● Exercise: Write out the listing from the line with "Схема уклонения от" to the line with "可愛いフォルムで人気♪】CHANEL ローファー (CHANEL/ローファー", both lines included, exactly and nothing beyond. Leave pictures out.

● Records for processing:
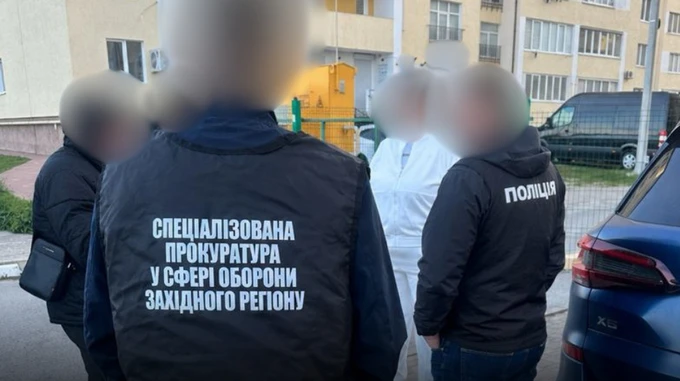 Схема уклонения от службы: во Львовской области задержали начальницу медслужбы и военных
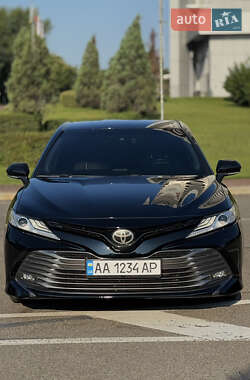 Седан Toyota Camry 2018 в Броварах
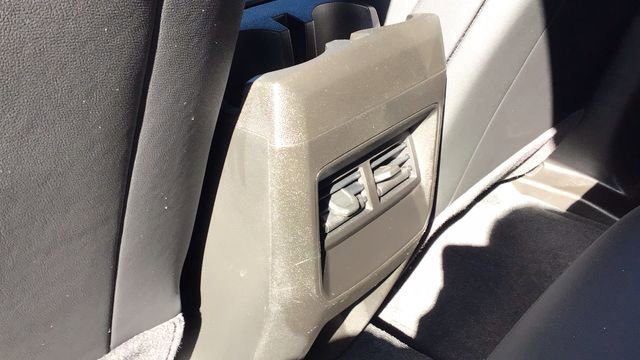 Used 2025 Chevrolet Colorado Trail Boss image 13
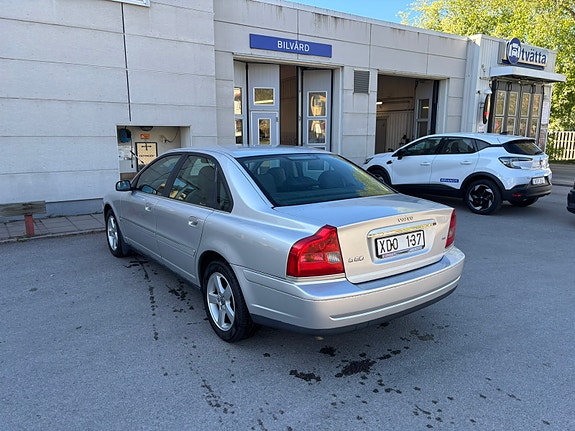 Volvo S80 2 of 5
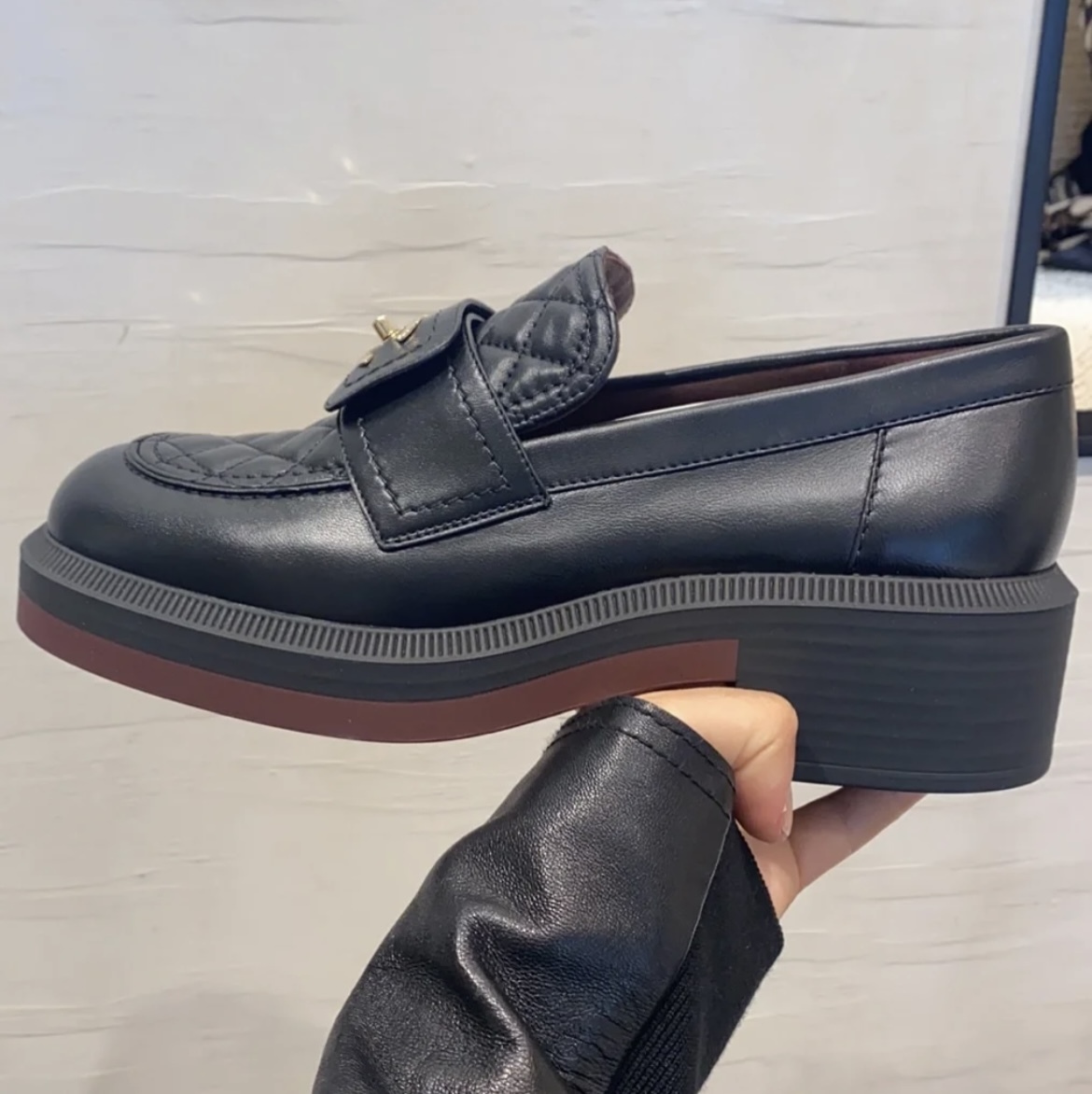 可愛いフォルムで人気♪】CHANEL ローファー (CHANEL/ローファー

...

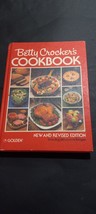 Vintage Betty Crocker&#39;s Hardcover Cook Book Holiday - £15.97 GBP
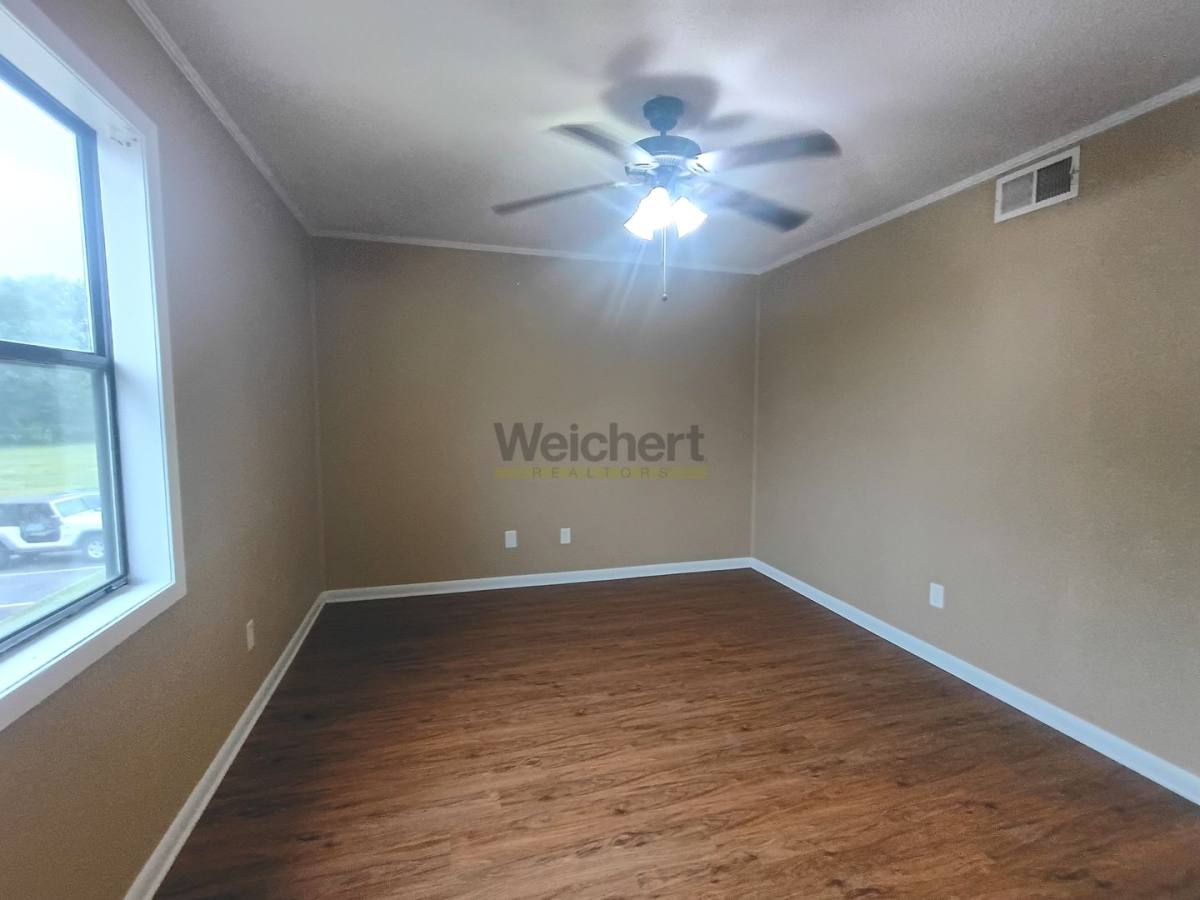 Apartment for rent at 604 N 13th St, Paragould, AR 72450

...

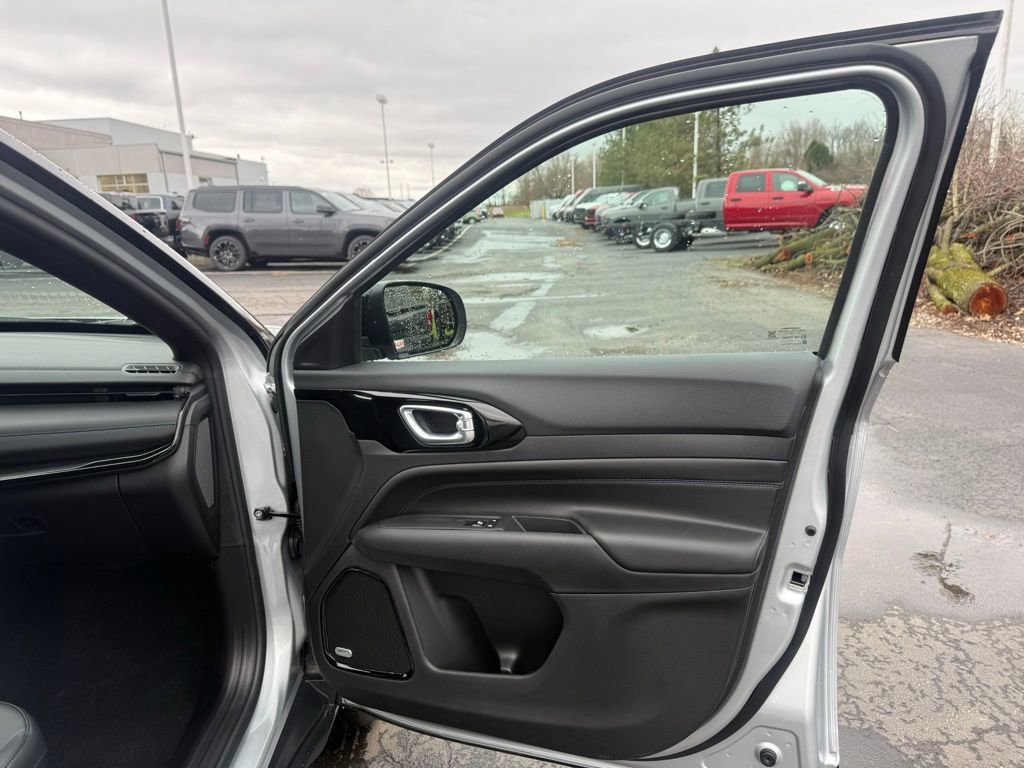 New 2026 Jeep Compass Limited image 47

● Answer to the exercise:
 Схема уклонения от службы: во Львовской области задержали начальницу медслужбы и военных
 Седан Toyota Camry 2018 в Броварах
 Used 2025 Chevrolet Colorado Trail Boss image 13
 Volvo S80 2 of 5
 可愛いフォルムで人気♪】CHANEL ローファー (CHANEL/ローファー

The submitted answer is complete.